§ **GIVEN INFORMATION**:

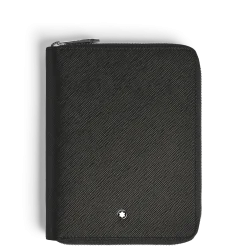 Astuccio con Cerniera per 5 Strumenti da Scrittura in Pelle Sartorial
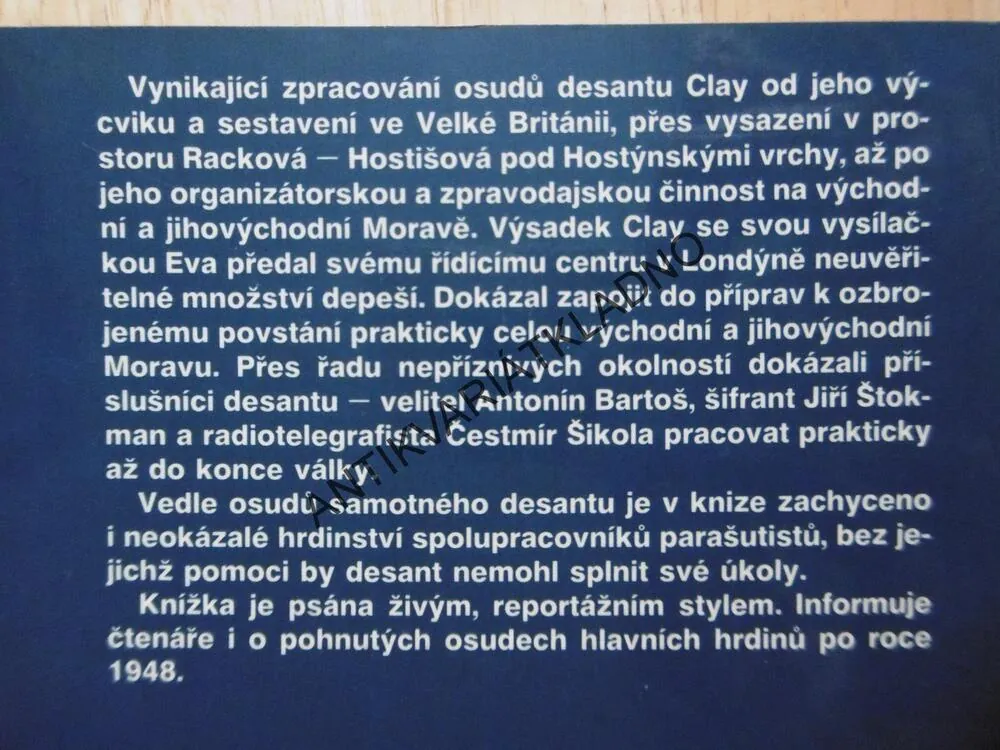 CLAY-EVA VOLÁ LONDÝN..., ANTONÍN BARTOŠ - ZAPSAL RADIMÍR KUNC, **an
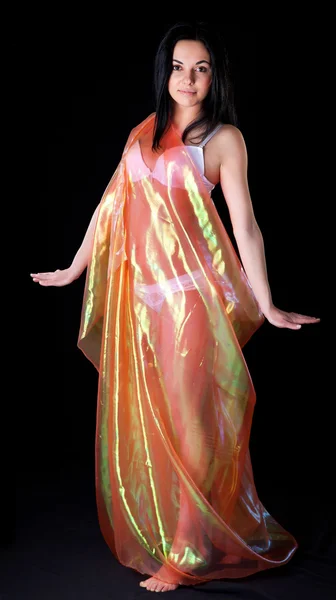 Baştan çıkarıcı güzellik kadın tunik — Stok fotoğraf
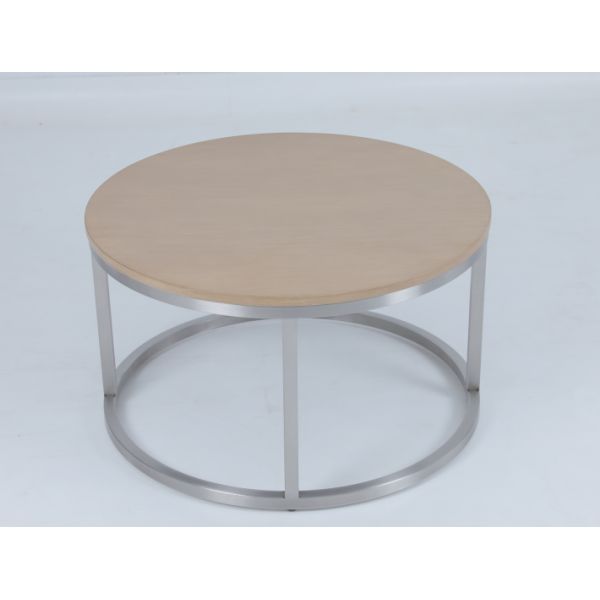 Wood No Folded Modern Round Coffee Table Lobby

§ **EXERCISE DESCRIPTION**:
Restate word for word the lines starting at the one that contains "CLAY-EVA VOLÁ LONDÝN..., ANTONÍN" and ending at the last line of the data. Skip every picture.

§ **ANSWER FOR THE TASK**:
 CLAY-EVA VOLÁ LONDÝN..., ANTONÍN BARTOŠ - ZAPSAL RADIMÍR KUNC, **an
 Baştan çıkarıcı güzellik kadın tunik — Stok fotoğraf
 Wood No Folded Modern Round Coffee Table Lobby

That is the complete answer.